The embodiments, illustratively described herein may suitably be practiced in the absence of any element or elements, limitation or limitations, not specifically disclosed herein. Thus, for example, the terms “comprising,” “including,” “containing,” etc. shall be read expansively and without limitation. Additionally, the terms and expressions employed herein have been used as terms of description and not of limitation, and there is no intention in the use of such terms and expressions of excluding any equivalents of the features shown and described or portions thereof, but it is recognized that various modifications are possible within the scope of the claimed technology. Additionally, the phrase “consisting essentially of” will be understood to include those elements specifically recited and those additional elements that do not materially affect the basic and novel characteristics of the claimed technology. The phrase “consisting of” excludes any element not specified.
In addition, where features or aspects of the disclosure are described in terms of Markush groups, those skilled in the art will recognize that the disclosure is also thereby described in terms of any individual member or subgroup of members of the Markush group. Each of the narrower species and subgeneric groupings falling within the generic disclosure also form part of the invention. This includes the generic description of the invention with a proviso or negative limitation removing any subject matter from the genus, regardless of whether or not the excised material is specifically recited herein.

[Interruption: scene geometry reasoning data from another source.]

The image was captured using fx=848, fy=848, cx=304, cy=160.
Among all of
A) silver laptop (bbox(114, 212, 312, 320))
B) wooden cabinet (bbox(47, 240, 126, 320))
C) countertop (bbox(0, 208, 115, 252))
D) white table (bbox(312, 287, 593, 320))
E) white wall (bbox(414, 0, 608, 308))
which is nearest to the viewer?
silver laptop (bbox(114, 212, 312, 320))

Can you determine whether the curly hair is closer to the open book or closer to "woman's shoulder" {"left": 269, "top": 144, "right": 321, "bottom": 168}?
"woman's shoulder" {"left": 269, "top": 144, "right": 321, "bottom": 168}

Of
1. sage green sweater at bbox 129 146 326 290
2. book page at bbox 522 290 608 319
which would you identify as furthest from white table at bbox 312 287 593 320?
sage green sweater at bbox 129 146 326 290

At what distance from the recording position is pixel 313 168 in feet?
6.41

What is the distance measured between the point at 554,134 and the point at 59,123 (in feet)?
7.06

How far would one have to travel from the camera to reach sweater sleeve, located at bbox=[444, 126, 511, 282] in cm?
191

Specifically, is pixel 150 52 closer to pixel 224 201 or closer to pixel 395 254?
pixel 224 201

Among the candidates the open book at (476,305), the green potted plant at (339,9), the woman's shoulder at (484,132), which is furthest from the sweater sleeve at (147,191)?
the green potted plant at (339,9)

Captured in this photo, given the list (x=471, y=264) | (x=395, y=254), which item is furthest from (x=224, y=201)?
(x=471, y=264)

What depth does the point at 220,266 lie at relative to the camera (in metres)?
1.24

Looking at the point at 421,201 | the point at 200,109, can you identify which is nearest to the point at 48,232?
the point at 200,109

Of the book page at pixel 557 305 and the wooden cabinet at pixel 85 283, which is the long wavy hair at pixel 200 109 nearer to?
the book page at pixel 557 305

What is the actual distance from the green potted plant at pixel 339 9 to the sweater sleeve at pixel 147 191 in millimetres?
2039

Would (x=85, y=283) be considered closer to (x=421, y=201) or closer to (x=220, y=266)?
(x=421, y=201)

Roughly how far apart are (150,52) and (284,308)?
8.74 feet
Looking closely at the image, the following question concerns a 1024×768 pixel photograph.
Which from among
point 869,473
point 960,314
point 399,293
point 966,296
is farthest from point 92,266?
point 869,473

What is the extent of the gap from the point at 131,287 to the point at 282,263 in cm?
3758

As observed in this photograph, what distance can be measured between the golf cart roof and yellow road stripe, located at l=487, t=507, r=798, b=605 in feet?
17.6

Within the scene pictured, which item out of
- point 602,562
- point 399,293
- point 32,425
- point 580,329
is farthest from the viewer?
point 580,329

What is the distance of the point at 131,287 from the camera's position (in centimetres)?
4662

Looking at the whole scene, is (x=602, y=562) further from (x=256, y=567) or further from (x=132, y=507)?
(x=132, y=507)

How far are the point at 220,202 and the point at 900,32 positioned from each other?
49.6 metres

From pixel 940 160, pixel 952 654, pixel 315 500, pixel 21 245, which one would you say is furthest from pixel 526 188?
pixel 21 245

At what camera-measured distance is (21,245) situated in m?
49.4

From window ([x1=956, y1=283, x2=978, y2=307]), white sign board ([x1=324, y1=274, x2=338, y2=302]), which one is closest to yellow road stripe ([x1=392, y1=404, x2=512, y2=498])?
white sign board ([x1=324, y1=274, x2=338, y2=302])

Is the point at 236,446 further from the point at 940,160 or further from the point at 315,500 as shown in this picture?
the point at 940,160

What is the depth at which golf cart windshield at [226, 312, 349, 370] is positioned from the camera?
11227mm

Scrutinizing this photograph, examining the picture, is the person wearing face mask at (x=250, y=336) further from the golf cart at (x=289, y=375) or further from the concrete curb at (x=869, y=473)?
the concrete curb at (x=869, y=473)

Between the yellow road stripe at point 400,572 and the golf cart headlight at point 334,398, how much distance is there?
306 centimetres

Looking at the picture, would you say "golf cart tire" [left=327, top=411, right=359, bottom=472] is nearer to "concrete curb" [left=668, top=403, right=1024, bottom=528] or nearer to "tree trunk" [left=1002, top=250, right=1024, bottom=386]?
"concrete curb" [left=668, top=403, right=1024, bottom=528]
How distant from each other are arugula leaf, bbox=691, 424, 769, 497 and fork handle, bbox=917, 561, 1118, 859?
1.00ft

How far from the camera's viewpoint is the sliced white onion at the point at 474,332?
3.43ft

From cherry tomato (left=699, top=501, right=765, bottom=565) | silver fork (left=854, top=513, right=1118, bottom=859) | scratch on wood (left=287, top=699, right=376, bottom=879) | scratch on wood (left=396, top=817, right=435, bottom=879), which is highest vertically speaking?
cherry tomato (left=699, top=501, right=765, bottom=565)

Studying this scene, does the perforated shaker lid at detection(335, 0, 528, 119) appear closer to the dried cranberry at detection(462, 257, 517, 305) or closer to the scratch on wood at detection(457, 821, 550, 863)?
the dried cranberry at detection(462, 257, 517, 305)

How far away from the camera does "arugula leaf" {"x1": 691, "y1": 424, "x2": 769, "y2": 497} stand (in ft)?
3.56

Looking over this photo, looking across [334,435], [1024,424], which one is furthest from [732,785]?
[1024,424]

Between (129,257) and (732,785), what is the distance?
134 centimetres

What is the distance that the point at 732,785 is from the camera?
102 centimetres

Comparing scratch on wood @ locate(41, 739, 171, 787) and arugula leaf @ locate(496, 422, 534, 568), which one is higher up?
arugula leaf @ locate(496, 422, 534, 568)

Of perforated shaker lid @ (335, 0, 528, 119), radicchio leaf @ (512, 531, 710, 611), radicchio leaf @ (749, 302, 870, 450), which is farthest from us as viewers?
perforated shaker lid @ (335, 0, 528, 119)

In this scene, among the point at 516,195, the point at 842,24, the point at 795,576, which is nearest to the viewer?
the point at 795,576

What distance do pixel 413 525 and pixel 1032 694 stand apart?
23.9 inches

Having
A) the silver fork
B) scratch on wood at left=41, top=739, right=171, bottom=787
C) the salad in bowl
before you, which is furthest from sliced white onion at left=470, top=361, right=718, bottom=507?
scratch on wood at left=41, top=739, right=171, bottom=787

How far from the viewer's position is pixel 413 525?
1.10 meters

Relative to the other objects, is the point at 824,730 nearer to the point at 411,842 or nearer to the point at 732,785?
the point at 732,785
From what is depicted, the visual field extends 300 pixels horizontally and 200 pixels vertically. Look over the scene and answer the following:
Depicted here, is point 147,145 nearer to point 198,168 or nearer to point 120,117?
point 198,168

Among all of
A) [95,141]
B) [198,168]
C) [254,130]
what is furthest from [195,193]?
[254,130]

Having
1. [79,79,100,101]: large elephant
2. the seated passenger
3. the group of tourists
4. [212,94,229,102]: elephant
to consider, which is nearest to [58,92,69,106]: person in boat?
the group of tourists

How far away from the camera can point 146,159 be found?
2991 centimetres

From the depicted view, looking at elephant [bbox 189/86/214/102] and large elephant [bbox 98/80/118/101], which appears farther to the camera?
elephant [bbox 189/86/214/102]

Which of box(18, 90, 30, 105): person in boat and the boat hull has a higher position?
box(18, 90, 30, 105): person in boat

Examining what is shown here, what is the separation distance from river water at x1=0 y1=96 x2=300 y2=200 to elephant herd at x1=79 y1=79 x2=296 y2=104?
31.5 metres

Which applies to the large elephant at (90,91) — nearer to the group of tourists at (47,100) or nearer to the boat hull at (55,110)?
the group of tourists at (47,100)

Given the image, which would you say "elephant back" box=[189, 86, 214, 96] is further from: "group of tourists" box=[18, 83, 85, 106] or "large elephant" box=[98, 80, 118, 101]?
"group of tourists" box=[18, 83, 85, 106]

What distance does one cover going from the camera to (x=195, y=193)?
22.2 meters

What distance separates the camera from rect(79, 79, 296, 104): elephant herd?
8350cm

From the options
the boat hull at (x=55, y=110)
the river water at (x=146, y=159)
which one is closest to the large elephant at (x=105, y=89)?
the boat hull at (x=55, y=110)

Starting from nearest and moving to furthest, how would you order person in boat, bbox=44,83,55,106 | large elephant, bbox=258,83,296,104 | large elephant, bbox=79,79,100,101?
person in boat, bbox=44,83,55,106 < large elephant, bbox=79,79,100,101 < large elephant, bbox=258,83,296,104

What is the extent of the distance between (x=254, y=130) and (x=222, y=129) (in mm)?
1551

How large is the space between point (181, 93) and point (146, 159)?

As will be understood by one skilled in the art, for any and all purposes, particularly in terms of providing a written description, all ranges disclosed herein also encompass any and all possible subranges and combinations of subranges thereof. Any listed range can be easily recognized as sufficiently describing and enabling the same range being broken down into at least equal halves, thirds, quarters, fifths, tenths, etc. As a non-limiting example, each range discussed herein can be readily broken down into a lower third, middle third and upper third, etc. As will also be understood by one skilled in the art all language such as “up to,” “at least,” “greater than,” “less than,” and the like, include the number recited and refer to ranges which can be subsequently broken down into subranges as discussed above. Finally, as will be understood by one skilled in the art, a range includes each individual member.
All publications, patent applications, issued patents, and other documents (for example, journals, articles and/or textbooks) referred to in this specification are herein incorporated by reference as if each individual publication, patent application, issued patent, or other document was specifically and individually indicated to be incorporated by reference in its entirety. Definitions that are contained in text incorporated by reference are excluded to the extent that they contradict definitions in this disclosure.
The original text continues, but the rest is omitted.